Dengan masa pemerintahan tahun 2011 yang sudah mencapai setengah tahun ini, tentu tidak mudah untuk menyatakan suatu kinerja sudah tercapai atau belum. Idealnya, kinerja tentu diukur secara tahunan. Sebab, kebanyakan menteri, jika kita ingin fair, diukur kinerjanya secara tahunan.
Heeks (1998) sudah mengulas bahwa salah satu tantangan akuntabilitas pejabat publik seperti menteri adalah akuntabilitas manajerial (managerial accountability) kepada atasannya. Jika melihat dari yang dimaksud oleh Kuntoro, berarti menterinya belumlah akuntabel kepada atasannya, yaitu Presiden. Sebab, hanya 50 persen perintah Presiden yang dijalankan.
Yang justru terberat bagi seorang menteri adalah akuntabilitasnya ke publik (citizenship/public accountability). Dalam hal ini, menteri harus dapat menjawab tuntutan masyarakat terkait dengan urusan publik. Saya melihat, kebanyakan persoalan pejabat publik adalah pada aspek akuntabilitas publik. Karena itu, membangun Sistem Akuntabilitas Publik bagi seorang pejabat publik, termasuk menteri, menjadi sangat penting di negara demokratis seperti Indonesia.

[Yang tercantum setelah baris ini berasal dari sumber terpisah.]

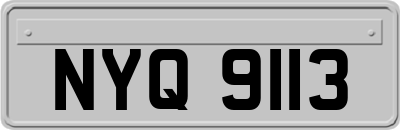 NYQ9113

Dalam pengamatan saya, akuntabilitas publik ini sering konflik dengan akuntabilitas lain. Sebagai contoh, seorang menteri juga memiliki akuntabilitas ke parlemen dan partai politik tempat dia berasal (political accountability). Atau, legislature accountability, yaitu akuntabilitas kepada institusi yang memberikan otoritas kepadanya untuk bertindak sesuatu. Paling sering terjadi adalah konflik antara public accountability dengan political accountability.
Seorang menteri tentu dalam posisi sulit untuk bisa menyeimbangkan berbagai macam tuntutan akuntabilitas tersebut. Namun, jika ia terus didampingi oleh Komite Akuntabilitas, maka keseimbangan itu akan terjaga.
Sayangnya, pemikiran untuk membentuk Sistem Akuntabilitas Publik -- di mana di dalamnya terdapat Komite Akuntabilitas -- kurang berkembang di Indonesia. Sebab, kita sering beranggapan bahwa kita telah memiliki sistem tersebut, yaitu Sistem Akuntabilitas Kinerja Instansi Pemerintah, yang dikembangkan setelah terbitnya Instruksi Presiden Nomor 7 Tahun 1999. Padahal, Sistem Akuntabilitas Publik itu adalah sangat penting, di mana di dalamnya juga termasuk Sistem Akuntabilitas Presiden.
Saya rasa, saatnyalah sekarang kita mulai mendiskusikan kembali pentingnya Sistem Akuntabilitas Publik di Indonesia.